We do not, however, sample states within a numerical trajectory uniformly in the algorithm. Instead we sample them based on their weights, e^{H(q, p)}. By weighting the fake Metropolis acceptance probabilities uniformly we over emphasize those states that are unlikely to be chosen, and end up with a conservative proxy acceptance statistic.

This new branch considers each state as a proxy proposal but weights the corresponding acceptance probabilities by the state weight, e^{H(q, p)}. In this way those states that are likely to be chosen have a greater influence on the proxy acceptance statistic, and any state with vanishing weight is not considered at all. This will always lead to a higher proxy acceptance stat for a given step size, which will cause the adaptation to push toward higher step sizes and, for a fixed integration time, cheaper numerical trajectories.

The effect of this change should be most evident in higher dimensions where the change in Hamiltonian values along a numerical trajectory increase. At the same time the optimality analysis is most accurate in higher dimensions (in the paper we utilize an expansion in step sizes but the coefficients of that expansion implicitly depend on dimension). This is the same as the 0.234 analysis of Roberts et al which is a purely asymptotic result and isn’t optimal for lower dimensional targets.

That said, the real issue here is that forcing the step size to larger values makes the generalized No-U-Turn criterion less accurate. Combined with the multiplicative trajectory expansion this can result in a heavy tail of longer numerical trajectories, especially in lower dimensions. Once again this is confirmed in the empirical results.

Ultimately the theory, which is better posed in higher dimensions, strongly motivates the reweighed acceptance statistic, which is backed up by empirical results. The cost is lower performance of low dimensional models, but these models run so quickly that the added cost isn’t particularly relevant.

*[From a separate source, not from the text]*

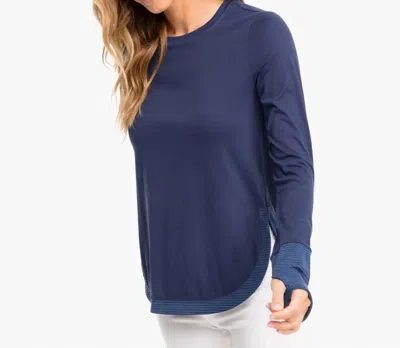 Southern Tide Demy Long Sleeve Performance Top In Nautical Navy In Blue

Tomorrow I’ll update all of the tests and submit an issue/PR. Thanks again for the help with the empirical tests @jroon and @bbbales2!

3 Likes

Oh yeah, that would be a better way to do it.

I’m looking at this, by the way. The plan was to multiplicatively expand up to some treedepth, and then additively expand with trees of that treedepth (until some maximum number of leapfrog steps). Aki said you’d mentioned something like this?

Fair, but this model did work pretty well with the last sampler.

I had a look at the outputs of one chain that ran fast and one didn’t. The timestep adaptation doesn’t look like it’s going crazy (not crashing to zero or anything). The outputs of the two chains mix fine (according to Rhat), and the mass matrices are very close (all the individual entries are within a factor of two of each other).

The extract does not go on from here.